Winter skies are dynamic drawing boards. Lately, the morning skies in the Rocky Mountains, where OneClock was designed, have been like Agnes Martin paintings: horizontal color fields of cool blues and pale pinks divided not by graphite but by the thin line of a telephone wire or the slow-moving ellipsis of migrating geese.
When New York Times art critic Holland Cotter reviewed the Guggenheim’s 2016 retrospective of Martin’s work, he posed some questions about abstract art generally, and, one can assume, Martin’s minimalism specifically. “How do you approach an art empty of figures and evident narratives?” he writes. “How do you find out what, if anything, is in it for you? What do you do to make it your own?” The answer, he says, comes from Martin herself. “‘You go there and sit and look.’”
If seasons were art historical genres, winter would be abstract minimalism. It’s a season of stark restraint interrupted by erratic pencil marks or atmospheric paint splatters otherwise known as weather. In many, but not all, landscapes, winter is unchanging, monochromatic, maybe even downright bleak. How do you find out what, if anything, is in it for you?If we engage in Martin’s “sit and look,” we might find what some too quickly and wrongfully call an inert season to be full of unscripted, personal narratives.

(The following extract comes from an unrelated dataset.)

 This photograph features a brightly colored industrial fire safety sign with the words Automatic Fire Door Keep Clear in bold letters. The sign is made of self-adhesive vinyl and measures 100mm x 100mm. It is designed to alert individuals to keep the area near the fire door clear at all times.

Here’s one of mine: The longterm is resting. Let it. The short-term, what was meant to live for only one season, is leaving. Let it.
Winter is a powerful recalibration, a reminder of deep time and its cycles. It’s simultaneously the end, the beginning, and just another spot on the continuum. More than any other time of year though, in winter the human world slows in step with the plant world. As days shorten, temperatures drop, and gardens wither, activity turns inward, allowing us a micro view of the impulses and routines that hold our particular life together.
From our houses, or right there in the midst of it, we watch what pieces of the outside environment are staying (trees—skeletons though they may be), visiting (an intrepid chickadee at the feeder), in hiding (dozens of iris rhizomes and a spattering of volunteer tomato seeds), or leaving for good (frosty, waterlogged pumpkins).
Because I’m lucky enough to live where winter comes with snow and ice, I take note of its formations. Icicles and snowdrifts, including the massive pileups of graying snow-slush pushed to clear roads and sidewalks, are naturally occurring sculptures made by time, gravity, and light—their deterioration just as beautiful as their construction. Even more intriguing are the frost figurations that form on glass when warm air hits. Riding once in a car in Winnipeg’s sub-zero temperatures, I watched the words I spoke transcribed, line by fractured line, onto the windshield. Ice writing, the making of an impossibly ephemeral document.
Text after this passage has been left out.